Adapun faktor utama yang menyebabkan maraknya fenomena HTS di kalangan generasi muda dapat ditinjau dari dua perspektif utama. Pertama, adanya kecenderungan untuk mengutamakan substansi hubungan dibandingkan dengan penetapan status formal. Bagi sebagian individu, keberlangsungan hubungan dan keterlibatan emosional lebih penting dibandingkan dengan label atau status yang menyertainya. Kedua, ketidaksiapan dalam mengemban tanggung jawab sosial dan psikologis yang melekat pada hubungan dengan status formal, sehingga individu cenderung memilih bentuk hubungan yang lebih fleksibel. Dalam hal ini, HTS memungkinkan individu untuk memenuhi kebutuhan afeksi tanpa harus menghadapi konsekuensi yang dianggap lebih kompleks dalam hubungan yang memiliki status yang lebih jelas.
Kesimpulan
Berdasarkan studi literatur serta observasi lingkungan yang telah dilakukan, Hubungan Tanpa Status (HTS) tidak hanya menjadi sebuah diskursus menarik dalam kajian sosiologi, tetapi juga merupakan fenomena sosial yang semakin masif dan relevan untuk diteliti. Konsep hubungan interpersonal yang terkandung dalam HTS dapat dianalisis menggunakan teori pertukaran sosial yang dikemukakan oleh George C. Homans. Dalam praktiknya, fenomena ini banyak dijumpai dalam kehidupan sehari-hari, terutama di kalangan generasi muda yang semakin mengadopsi pola hubungan semacam ini.
HTS menawarkan keseimbangan antara imbalan dan pengorbanan yang dianggap lebih menguntungkan bagi individu yang menjalaninya. Sejalan dengan pemikiran Homans, manusia secara alami memiliki kecenderungan untuk memaksimalkan keuntungan dengan seminimal mungkin pengorbanan. Dalam konteks HTS, individu mendapatkan keuntungan berupa afeksi, kebersamaan, dan dukungan emosional tanpa harus menanggung tanggung jawab besar yang biasanya melekat pada hubungan dengan status yang jelas. Hal ini menjadikan HTS sebagai pilihan yang semakin diminati oleh banyak individu yang belum siap berkomitmen dalam hubungan formal seperti pacaran atau pernikahan.

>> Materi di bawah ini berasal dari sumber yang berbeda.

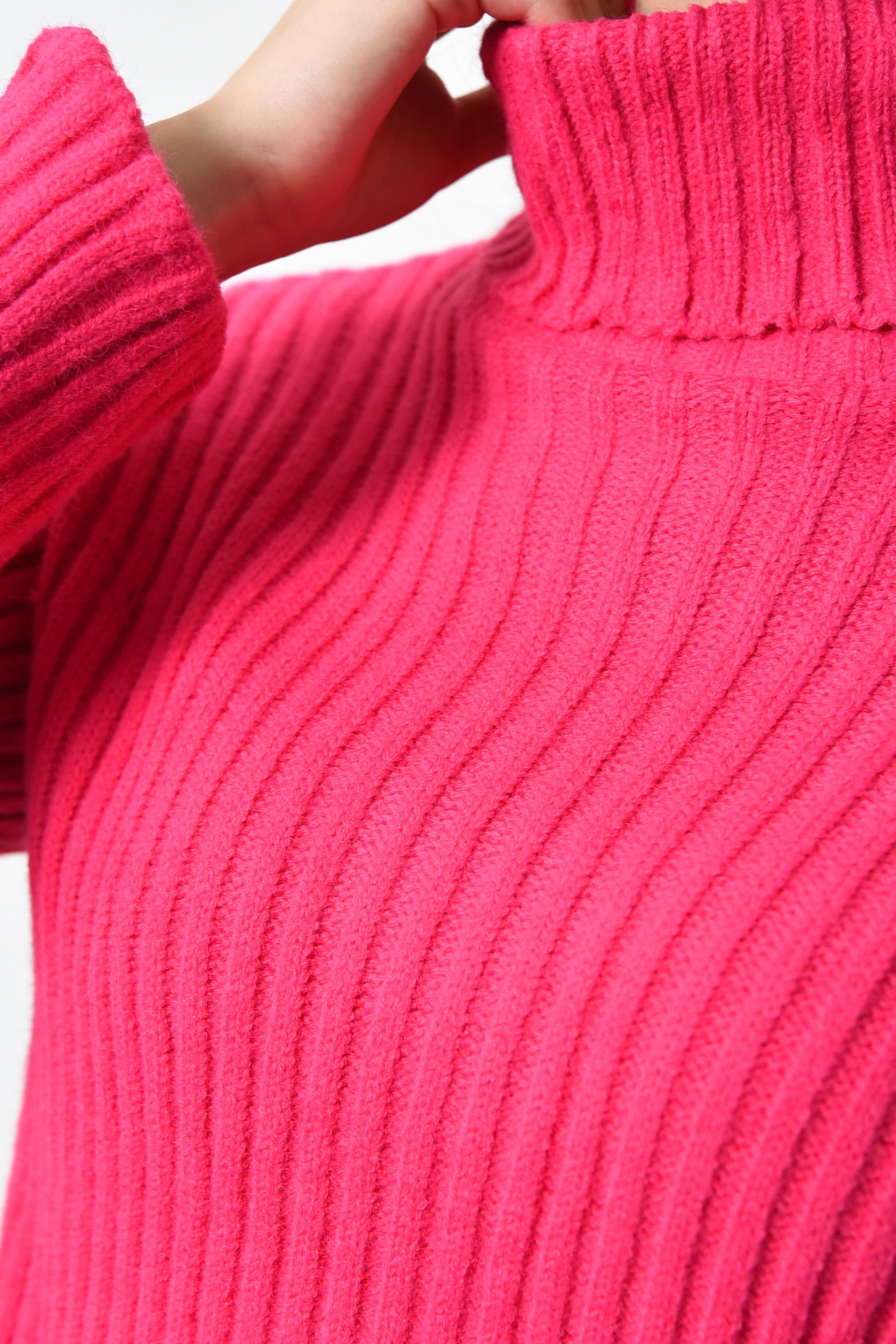 Светр жіночий під горло M-L Рожевий (170716) - фото 4 Светр жіночий під горло M-L Рожевий (170716) - фото 4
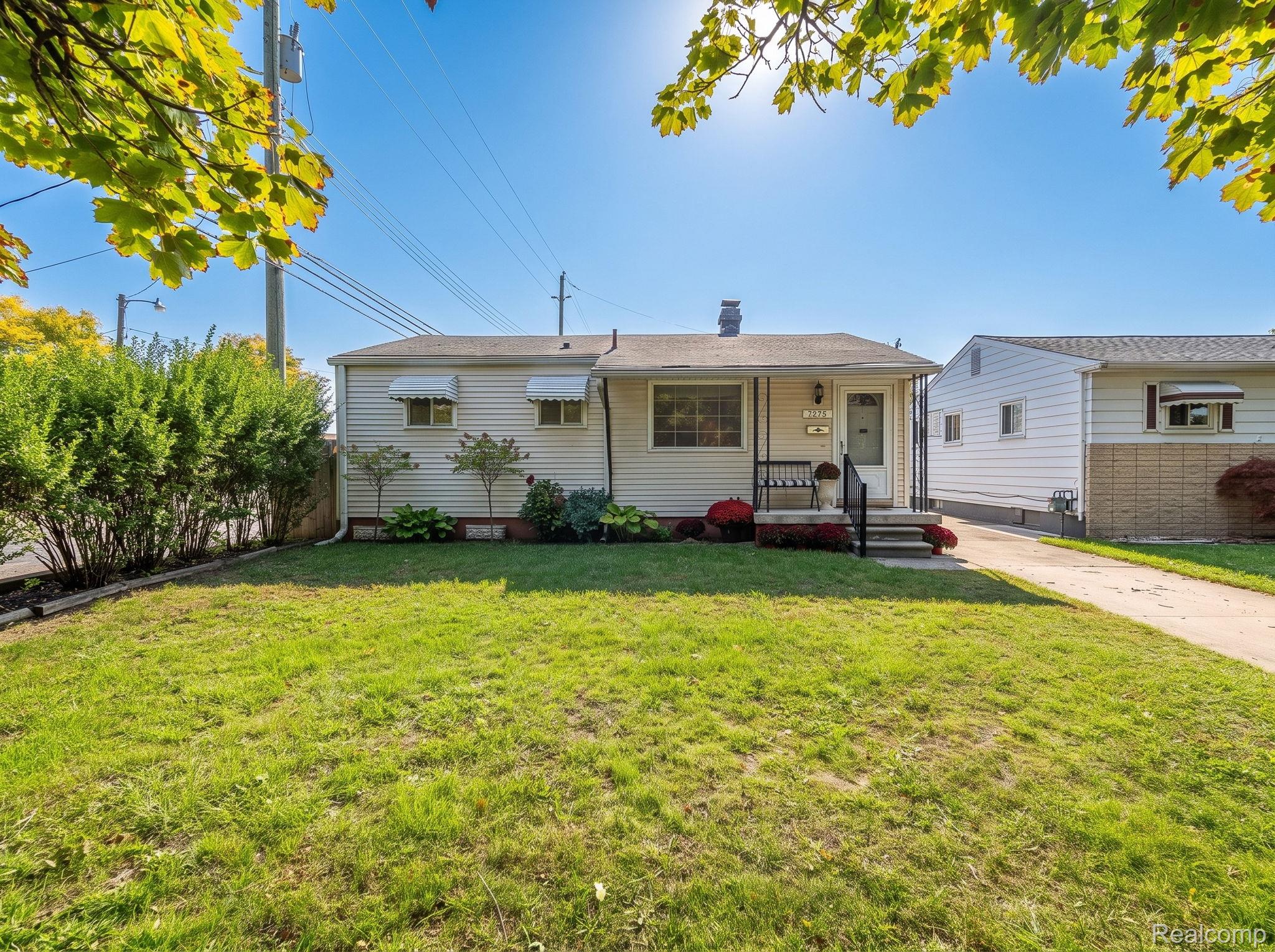 7275 Katherine Street — photo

Fenomena ini juga dapat dikaitkan dengan salah satu proposisi dalam teori Homans, yaitu proposisi sukses. Proposisi ini menyatakan bahwa jika suatu tindakan terus memberikan imbalan yang diharapkan, maka individu akan semakin sering melakukan tindakan tersebut. Dalam hal ini, individu yang merasa diuntungkan dengan pola hubungan HTS cenderung mempertahankan dan mengulanginya dalam kehidupan mereka. Konsep ini berkontribusi terhadap penyebaran dan normalisasi HTS di berbagai kelompok sosial, khususnya di kalangan generasi muda. Dengan demikian, fenomena ini tidak hanya mencerminkan perubahan pola relasi sosial, tetapi juga menunjukkan bagaimana teori pertukaran sosial dapat digunakan untuk memahami dinamika hubungan interpersonal dalam masyarakat modern.(Tries)
Daftar Pustaka
Krech, D., Crutchfield, R. S., & Ballachey, E. L. (1962). Individual in society: A textbook of social psychology. McGraw-Hill.
Poloma, Margaret. Sosiologi Kontemporer. Cet. 4; Jakarta: PT Rajagrafindo Persada, 2000.
William D. Perdue, Sociological Theory: Explanation, Paradigm, and Ideology. Palo Alto,Calif Mayfield. 1986.